State funds to match federal funds for starting design work on the Southern Maryland Light Rail project have been released









Light rail is planned for southern Maryland - Railway Track and Structures


Light rail is planned for southern Maryland as officials celebrate first $5 million of federal funding for the project that will feature 13 stops.




www.rtands.com


----------



## joelkfla (May 26, 2022)

jis said:


> State funds to match federal funds for starting design work on the Southern Maryland Light Rail project have been released
> 
> 
> 
> ...


"...once light-rail trains start running alongside Rte. 301 they would share tracks with CSX."

Is that possible? Did he mean to say share ROW? (Unless they're planning one of these weird diesel-powered LRV's.)


----------



## jis (May 26, 2022)

Here's another article:









Light rail to Southern Maryland? That ‘choo-choo train will be rolling soon’ - WTOP News


Southern Maryland is no longer the sleepy, sparsely populated region it used to be, and that’s why local, state and federal lawmakers gathered in La Plata to tout millions to get the future Southern Maryland Rapid Transit Project on track and moving.




wtop.com





I wonder if there would be any freight traffic left on the Pope's Creek Branch once the power station is decommissioned. Its primary traffic has been coal for the power plant. I also wonder whether "run along" means on a track parallel to the CSX track on the same ROW or something else.

The choice of mode - BRT vs. LRT has apparently been quite a nosebleemdwith LRT holding sway at present. Here is a quick review of what went on...









Light rail project needs public support, residents told at meeting


The political will for a light rail line serving Southern Maryland through Charles County is in place, and what’s needed now is for the public to come out in strong




www.somdnews.com


----------



## Metra Electric Rider (May 26, 2022)

LRT can share track and I seem to have a vague, very vague, recollection of this being involved here, but I can't remember where I heard that.


----------



## blueman271 (May 26, 2022)

I think the River Line and whatever Conrail is called these days share track in NJ.


----------



## Deni (May 26, 2022)

blueman271 said:


> I think the River Line and whatever Conrail is called these days share track in NJ.

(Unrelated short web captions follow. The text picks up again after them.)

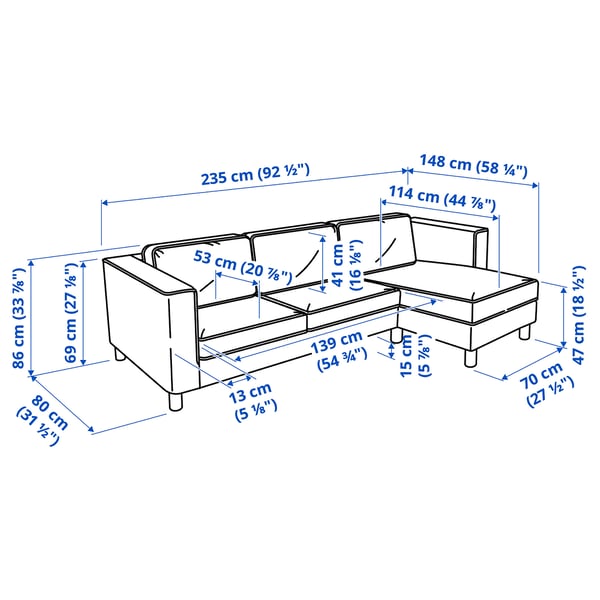 PÄRUP 3-seat sofa with chaise longue, Kelinge rust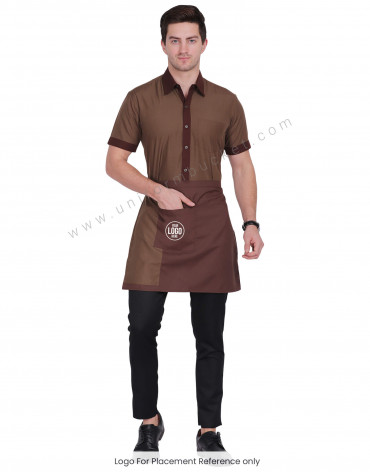 Brown short waiter apron with Light Brown Trim view 1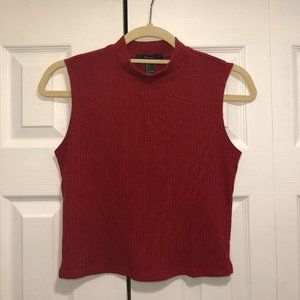 Forever 21 Red sleeveless mock neck crop top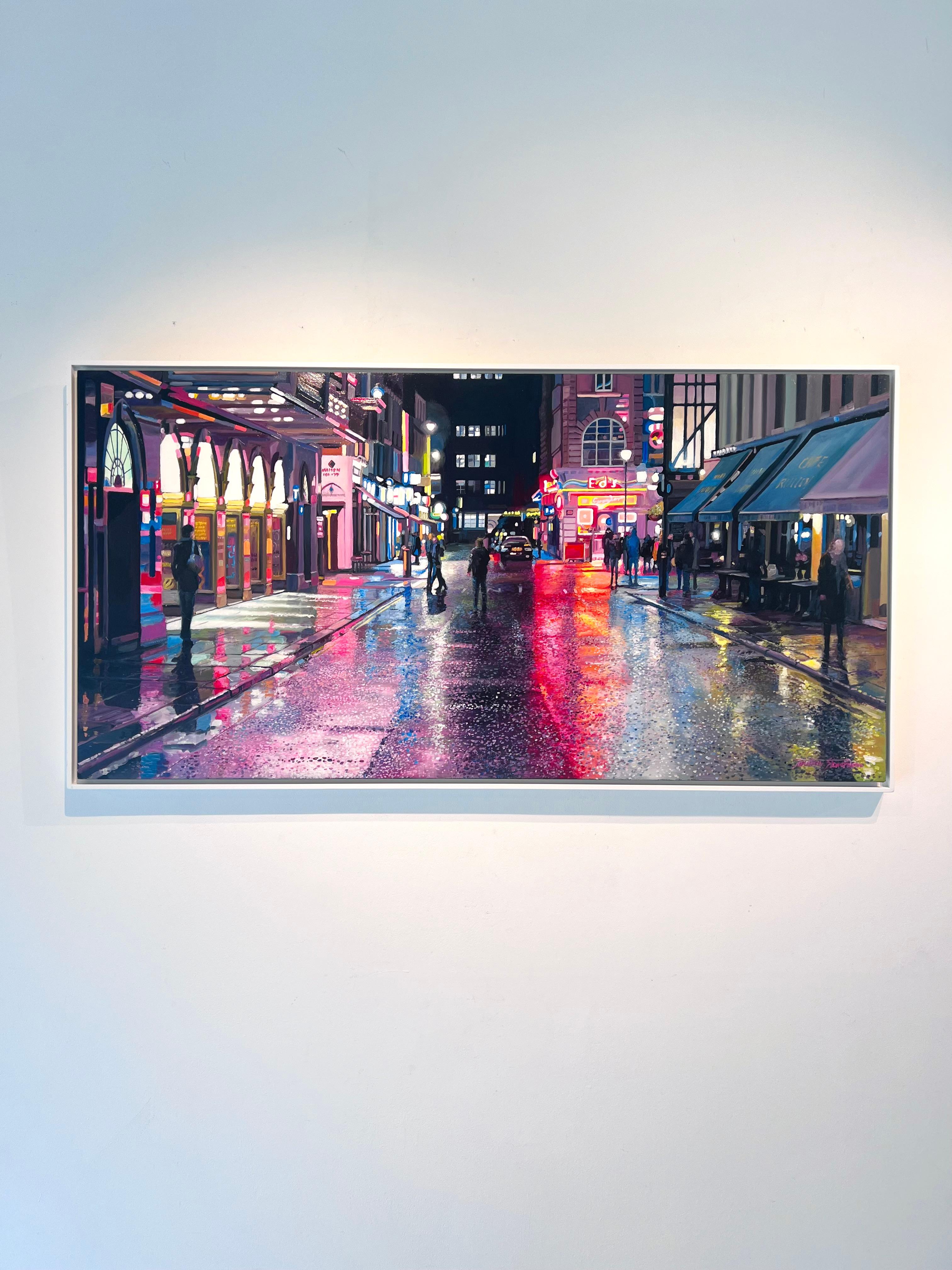 Old Compton St (noche)-Original realismo Londres pintura al óleo-Arte contemporáneo en venta 1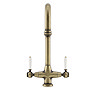 Bower Traditional Antique Brass Dual-Lever Kitchen Tap with Pull-Out Rinse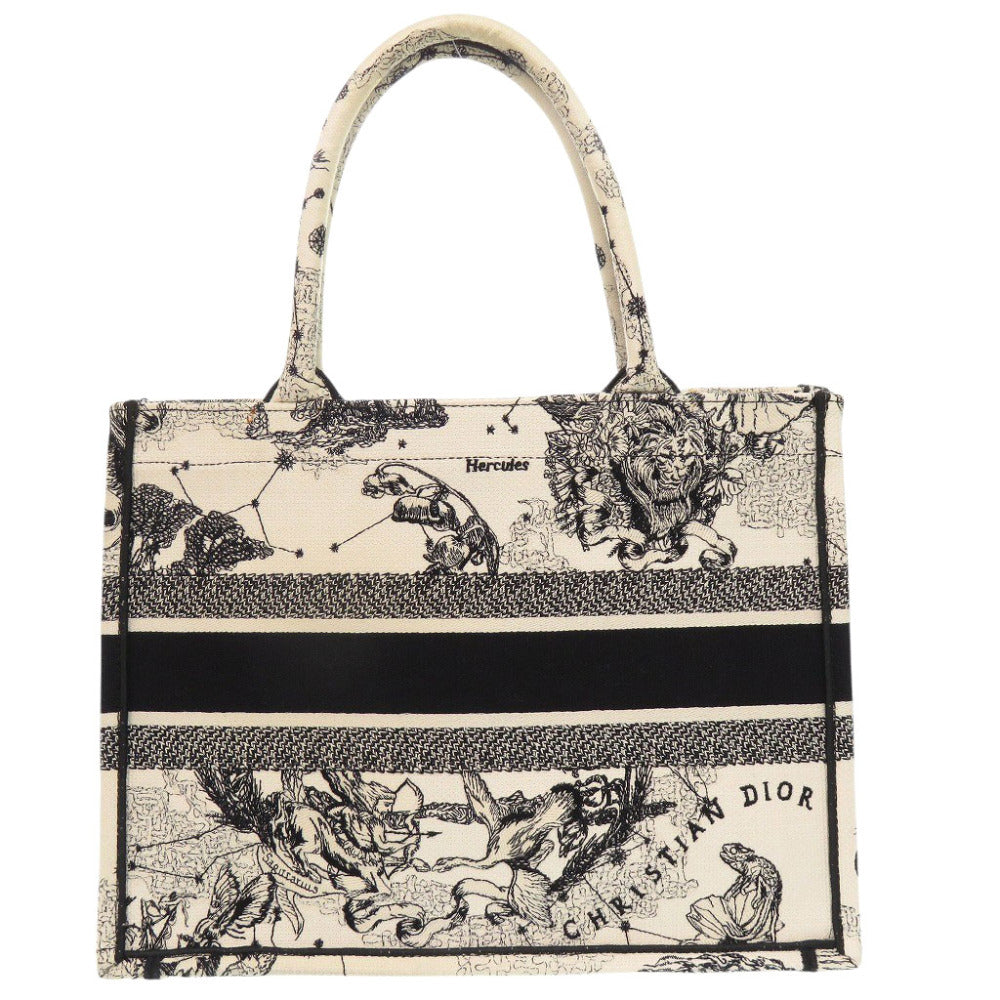 美品 クリスチャンディオール ブックトート ミディアム キャンバス M1296ZRHZ-M06E トートバッグ ホワイト 0386【中古】Christian Dior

Yeah, but if I remember correctly it is scheduled so that the light rail ends its day (I think earlier than it probably should) and the freight only runs at night. But I could be remembering that wrong. I think there were also some cumbersome standards for the light rail cars because of running on a freight line.


----------



## MikefromCrete (May 26, 2022)

It's called temporal separation. Light rail runs during a designated time, freight runs at its designated time. Never at the same time.


----------



## joelkfla (May 26, 2022)

blueman271 said:


> I think the River Line and whatever Conrail is called these days share track in NJ.


That's diesel-powered.


----------



## Deni (May 27, 2022)

MikefromCrete said:


> It's called temporal separation. Light rail runs during a designated time, freight runs at its designated time. Never at the same time.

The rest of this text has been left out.